Jai Narain Vyas University, Jodhpur v. Bhanwar Singh
2025-12-04
AHSANUDDIN AMANULLAH, K.VINOD CHANDRAN
body2025
DigiLaw.ai
ORDER : Leave granted. 2. This is a classic case of the appellant-University having mishandled litigation, misinterpreted orders and mistook observations in contempt cases. The sole respondent had initiated his claim for reinstatement by a reference sought under the Industrial Disputes Act, 1947 1 [for brevity ‘ID Act’] and had agitated his cause again under Section 33C (2) of the ID Act, both of which were challenged by the appellants. Though reinstatement as directed by the Labour Court was eventually carried out, after much delay, regularization was denied. A further litigation was initiated by the respondent for regularization challenging the order of the Syndicate denying it, which has now reached this Court, the High Court having permitted it by the impugned judgment. 3. There were a batch of Special Leave Petitions clubbed together on the ground that the very same claim of regularization was agitated against the University in all the said SLPs. Before commencement of arguments, it was pointed out that the present appeal stands distinct from others for reason of the respondent herein having approached the Labour Court at the first instance, which order has attained finality. According to the learned Senior Counsel appearing for the appellant-University, the others having not agitated their cause before the appropriate Authority are attempting to urge their claim on the basis of the claim of the respondent herein. None of the other petitioners have approached the Labour Court at the first instance and hence in such circumstances, we detached the above matter to be heard separately. 4. Shri Vipin Sanghi, learned Senior Counsel for the appellant-University submits that the impugned order was passed on the basis of the order in Jai Narain Vyas University, Jodhpur & Anr. v. Jitendra Kumar (Annexure P6) by a Division Bench of the High Court of Rajasthan at Jodhpur, which on facts is not at all applicable to the present case. It is submitted that therein, a person was continued for 20 years uninterruptedly, in which circumstance, it was held that his case would squarely fall within the dictum of State of Karnataka v. Uma Devi, (2006) 4 SCC 1 . In the present case there was no such continuation for a period extending over 10 years and in any event the respondent was merely employed through a contractor, which does not give him any right for continuation or for regularization.

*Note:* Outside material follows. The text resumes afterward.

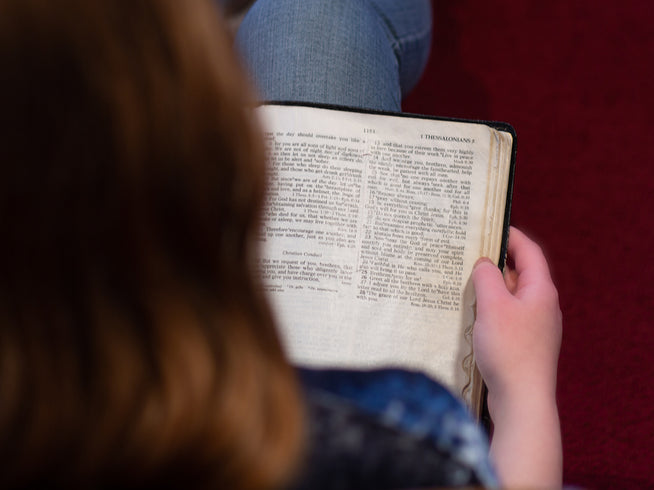 Person reading an open book with a blurred background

In the present case there was no such continuation for a period extending over 10 years and in any event the respondent was merely employed through a contractor, which does not give him any right for continuation or for regularization. The continuance of the respondent after he was reinstated was only on interim orders issued by the Writ Court, which cannot inure to the benefit of the respondent as has been held in Uma Devi, (supra). It is alternatively argued that even if his reinstatement is upheld, he cannot be granted regularization since the initial appointment was not in order and was illegal. 5. Shri Devashish Bharuka, learned Senior Counsel appearing for respondent points out that the challenge against the order of the Labour Court granting reinstatement was dismissed as infructuous. The University had granted reinstatement but had refused regularization, which goes against the spirit of the order of the Labour Court. The respondent was never appointed under a contractor as found by the Labour Court and he was paid directly by the University. The respondent has to be regularized and continued till his superannuation. 6. As we noticed at the outset, there are three layers of litigation. The respondent admittedly worked as a Junior Clerk between 16.12.1994 and 31.12.1997. He was terminated by an order of the Dean, Faculty of Law, who had also made the payment of salary to the respondent directly. The respondent approached the Government with a request for reference of the dispute regarding the validity of termination, to a Labour Court, which, on such reference made was answered by the Labour Court, Jodhpur in Labour Dispute No.90 of 2000 by Annexure P1 award. 7. Learned Senior Counsel appearing for the appellant- University had raised a question of delay, insofar as, the dispute having been numbered in the year 2000 while the termination was in the year 1997. We notice the above contention only to reject it, since the question of delay was never raised before the Labour Court and the reference obviously was raised earlier and the notification referring the dispute to the Labour Court itself indicates the file to be numbered in the year 1999 and the reference order is dated 13.03.2000. The delay of the Government in referring the dispute cannot prejudice the workman. 8.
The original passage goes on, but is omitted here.